BEGIN

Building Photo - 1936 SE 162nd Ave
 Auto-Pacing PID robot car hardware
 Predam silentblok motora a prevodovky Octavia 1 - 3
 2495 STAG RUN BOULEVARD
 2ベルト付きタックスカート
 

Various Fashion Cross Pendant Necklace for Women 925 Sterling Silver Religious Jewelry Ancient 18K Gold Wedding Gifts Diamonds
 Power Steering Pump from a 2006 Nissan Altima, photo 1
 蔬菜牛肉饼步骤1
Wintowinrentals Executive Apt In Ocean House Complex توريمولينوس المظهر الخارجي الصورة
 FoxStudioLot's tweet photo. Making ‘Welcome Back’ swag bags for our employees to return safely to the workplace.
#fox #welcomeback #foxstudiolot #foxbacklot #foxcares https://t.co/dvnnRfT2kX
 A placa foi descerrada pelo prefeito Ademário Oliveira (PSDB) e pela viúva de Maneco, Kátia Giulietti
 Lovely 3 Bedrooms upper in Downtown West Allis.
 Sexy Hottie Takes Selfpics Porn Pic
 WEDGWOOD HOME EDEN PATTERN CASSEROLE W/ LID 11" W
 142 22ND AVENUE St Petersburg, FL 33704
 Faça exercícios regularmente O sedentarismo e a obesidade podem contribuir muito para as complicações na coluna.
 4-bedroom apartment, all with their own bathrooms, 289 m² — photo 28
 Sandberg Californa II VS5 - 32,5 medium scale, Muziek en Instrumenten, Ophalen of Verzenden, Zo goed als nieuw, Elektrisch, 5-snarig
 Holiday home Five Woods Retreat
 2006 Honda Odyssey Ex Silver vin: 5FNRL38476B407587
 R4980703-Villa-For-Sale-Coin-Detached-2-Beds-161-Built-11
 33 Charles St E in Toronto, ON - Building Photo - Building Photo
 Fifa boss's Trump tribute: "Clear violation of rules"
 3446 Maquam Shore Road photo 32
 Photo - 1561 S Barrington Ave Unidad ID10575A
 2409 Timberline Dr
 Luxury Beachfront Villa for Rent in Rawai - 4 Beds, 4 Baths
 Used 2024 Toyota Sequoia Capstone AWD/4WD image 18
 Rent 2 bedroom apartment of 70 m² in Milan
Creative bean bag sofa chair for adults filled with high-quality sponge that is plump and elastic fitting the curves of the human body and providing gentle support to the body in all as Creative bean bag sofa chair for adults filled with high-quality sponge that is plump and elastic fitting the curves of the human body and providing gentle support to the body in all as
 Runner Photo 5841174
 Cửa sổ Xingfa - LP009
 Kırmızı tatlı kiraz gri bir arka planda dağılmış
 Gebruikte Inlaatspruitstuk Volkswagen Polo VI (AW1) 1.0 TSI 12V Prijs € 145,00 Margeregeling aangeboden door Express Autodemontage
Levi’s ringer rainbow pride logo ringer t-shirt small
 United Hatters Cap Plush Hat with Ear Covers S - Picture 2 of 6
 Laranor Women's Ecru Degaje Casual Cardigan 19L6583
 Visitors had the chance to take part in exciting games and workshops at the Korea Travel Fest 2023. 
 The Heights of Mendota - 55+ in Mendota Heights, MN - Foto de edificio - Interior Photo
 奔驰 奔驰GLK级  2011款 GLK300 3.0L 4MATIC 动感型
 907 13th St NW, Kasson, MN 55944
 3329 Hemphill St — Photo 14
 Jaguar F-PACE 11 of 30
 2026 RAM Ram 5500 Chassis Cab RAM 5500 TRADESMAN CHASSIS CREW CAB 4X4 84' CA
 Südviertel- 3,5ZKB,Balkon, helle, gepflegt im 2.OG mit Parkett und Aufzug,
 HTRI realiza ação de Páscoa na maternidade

END

● Exercise
Every word of the data above should be given again, exactly as it stands.

● Final answer
Building Photo - 1936 SE 162nd Ave
 Auto-Pacing PID robot car hardware
 Predam silentblok motora a prevodovky Octavia 1 - 3
 2495 STAG RUN BOULEVARD
 2ベルト付きタックスカート
 

Various Fashion Cross Pendant Necklace for Women 925 Sterling Silver Religious Jewelry Ancient 18K Gold Wedding Gifts Diamonds
 Power Steering Pump from a 2006 Nissan Altima, photo 1
 蔬菜牛肉饼步骤1
Wintowinrentals Executive Apt In Ocean House Complex توريمولينوس المظهر الخارجي الصورة
 FoxStudioLot's tweet photo. Making ‘Welcome Back’ swag bags for our employees to return safely to the workplace.
#fox #welcomeback #foxstudiolot #foxbacklot #foxcares https://t.co/dvnnRfT2kX
 A placa foi descerrada pelo prefeito Ademário Oliveira (PSDB) e pela viúva de Maneco, Kátia Giulietti
 Lovely 3 Bedrooms upper in Downtown West Allis.
 Sexy Hottie Takes Selfpics Porn Pic
 WEDGWOOD HOME EDEN PATTERN CASSEROLE W/ LID 11" W
 142 22ND AVENUE St Petersburg, FL 33704
 Faça exercícios regularmente O sedentarismo e a obesidade podem contribuir muito para as complicações na coluna.
 4-bedroom apartment, all with their own bathrooms, 289 m² — photo 28
 Sandberg Californa II VS5 - 32,5 medium scale, Muziek en Instrumenten, Ophalen of Verzenden, Zo goed als nieuw, Elektrisch, 5-snarig
 Holiday home Five Woods Retreat
 2006 Honda Odyssey Ex Silver vin: 5FNRL38476B407587
 R4980703-Villa-For-Sale-Coin-Detached-2-Beds-161-Built-11
 33 Charles St E in Toronto, ON - Building Photo - Building Photo
 Fifa boss's Trump tribute: "Clear violation of rules"
 3446 Maquam Shore Road photo 32
 Photo - 1561 S Barrington Ave Unidad ID10575A
 2409 Timberline Dr
 Luxury Beachfront Villa for Rent in Rawai - 4 Beds, 4 Baths
 Used 2024 Toyota Sequoia Capstone AWD/4WD image 18
 Rent 2 bedroom apartment of 70 m² in Milan
Creative bean bag sofa chair for adults filled with high-quality sponge that is plump and elastic fitting the curves of the human body and providing gentle support to the body in all as Creative bean bag sofa chair for adults filled with high-quality sponge that is plump and elastic fitting the curves of the human body and providing gentle support to the body in all as
 Runner Photo 5841174
 Cửa sổ Xingfa - LP009
 Kırmızı tatlı kiraz gri bir arka planda dağılmış
 Gebruikte Inlaatspruitstuk Volkswagen Polo VI (AW1) 1.0 TSI 12V Prijs € 145,00 Margeregeling aangeboden door Express Autodemontage
Levi’s ringer rainbow pride logo ringer t-shirt small
 United Hatters Cap Plush Hat with Ear Covers S - Picture 2 of 6
 Laranor Women's Ecru Degaje Casual Cardigan 19L6583
 Visitors had the chance to take part in exciting games and workshops at the Korea Travel Fest 2023. 
 The Heights of Mendota - 55+ in Mendota Heights, MN - Foto de edificio - Interior Photo
 奔驰 奔驰GLK级  2011款 GLK300 3.0L 4MATIC 动感型
 907 13th St NW, Kasson, MN 55944
 3329 Hemphill St — Photo 14
 Jaguar F-PACE 11 of 30
 2026 RAM Ram 5500 Chassis Cab RAM 5500 TRADESMAN CHASSIS CREW CAB 4X4 84' CA
 Südviertel- 3,5ZKB,Balkon, helle, gepflegt im 2.OG mit Parkett und Aufzug,
 HTRI realiza ação de Páscoa na maternidade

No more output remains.